Tate: Is regulation helping consumers?
He has already had one meeting with the regulator about the regulatory reporting guidelines and is to meet them again early next month.
Tate said he used his recent meeting to “strongly articulate” concerns about the breadth of information being requested in the new reporting requirements. The FMA is planning to make it compulsory for all AFAs to produce an annual report, called an Information Return, each year. AFAs would have to complete the first return relating to their business as at June 30 by September 30. After that, they will have to submit a return each year.
In response, the FMA had agreed to have various industry groups attend a workshop to determine what was appropriate and what would add value, he said.

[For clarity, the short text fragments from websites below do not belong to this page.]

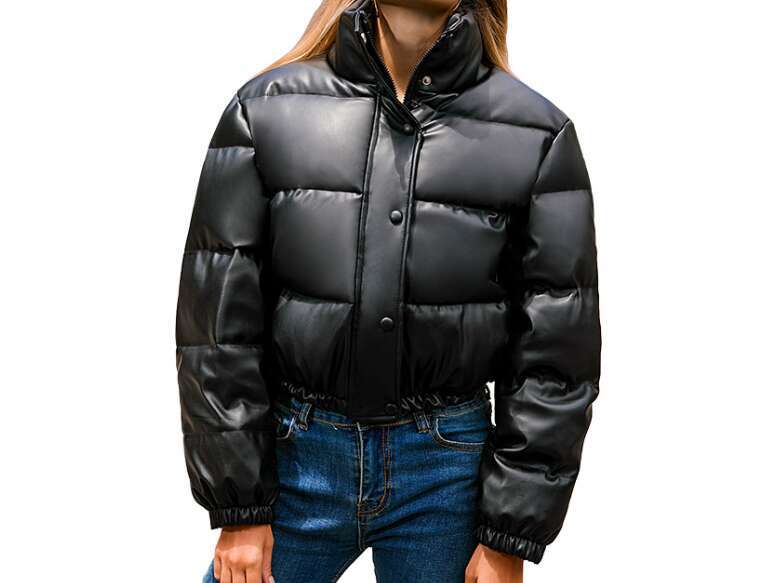 Designer Clothing 2025 Winter Thick Warm Cropped Puffer Jacket Women Black PU Leather Parkas Elegant Zipper Coat Cotton Padded Punk Outwear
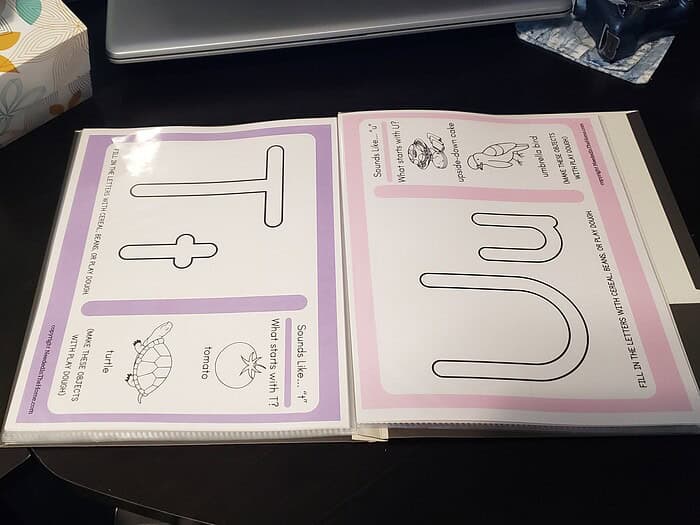 Homeschool Resource Co. Educational alphabet and sight word flashcards for homeschooling, featuring large letters and simple illustrations to support early literacy skills.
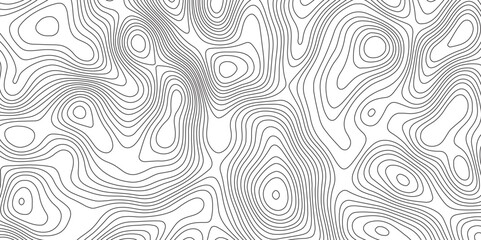 Fototapeta premium Abstract topographic contours map background. Topographic map and landscape terrain texture grid. Modern design with White background with topographic wavy pattern design. Black-white background. 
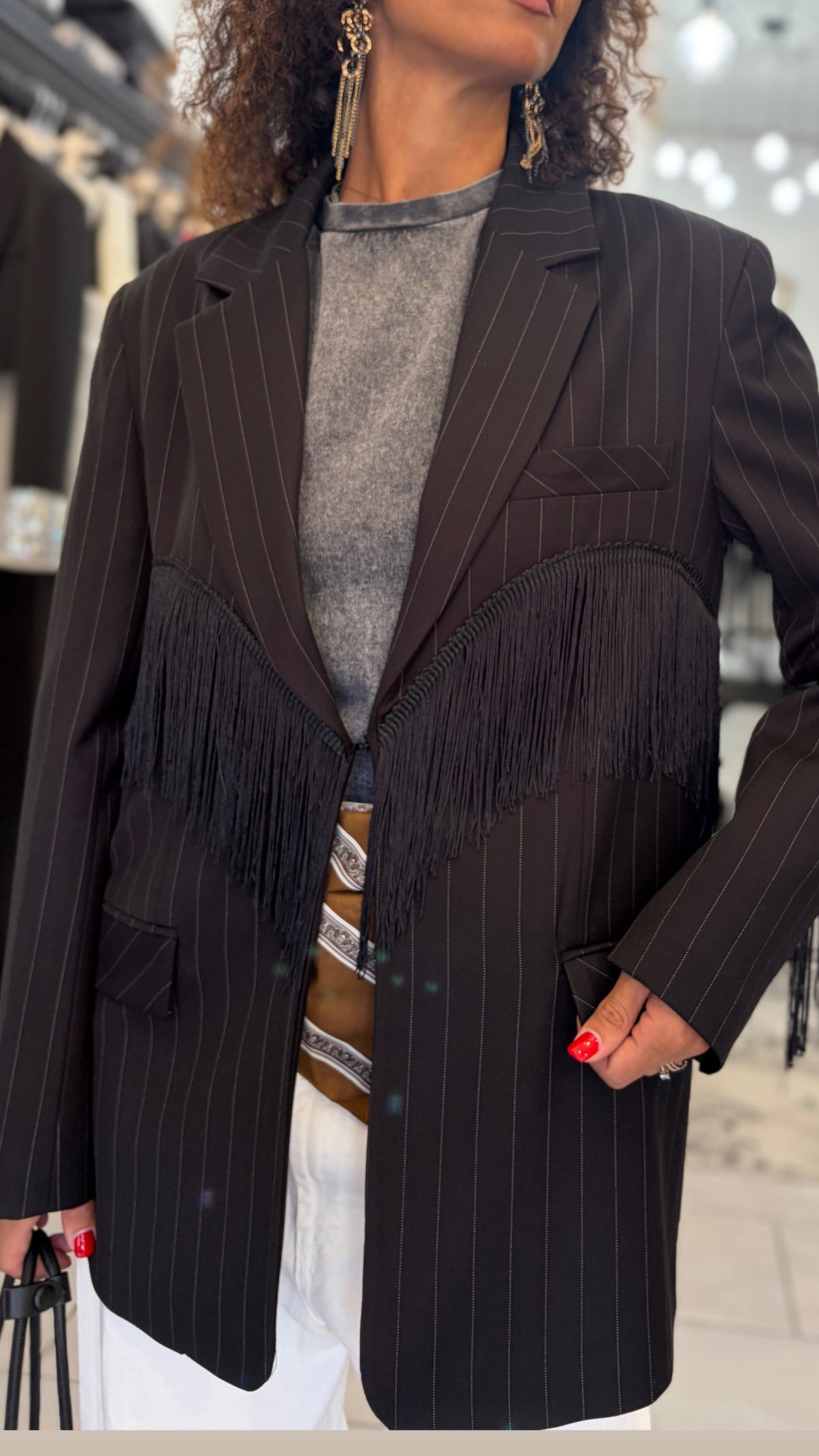 Blazer gessato frange Dixie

Issues around the completion of the annual information return were compounded by the other requirements placed on advisers, he said. There is the AML annual report as well as the process of renewing licenses each year, and new regulations looming for DIMS providers.
Tate said a large amount of the regulatory requirements could be wrapped up into one report.
He said it did not make sense that for AML purposes, advisers had to submit a report on years when they were also audited. “It’s the same year, the same period, the same things. I’m trying to draft a list of all the compliance imports on advisers and the time involved in complying and the cost to give them an overall list of things that now have to be completed. How many have a direct benefit to consumers?”
Regulatory creep would probably drive out the 1900 AFAs left in the market, he said. “It can’t be good for consumers in terms of getting good, unbiased advice. The objectives of the Financial Advisers Act don’t seem to be being met as effectively as they should be. It was about the efficient delivery of appropriate advice. It’s not efficient any more. We need to be strong on it with the FMA.”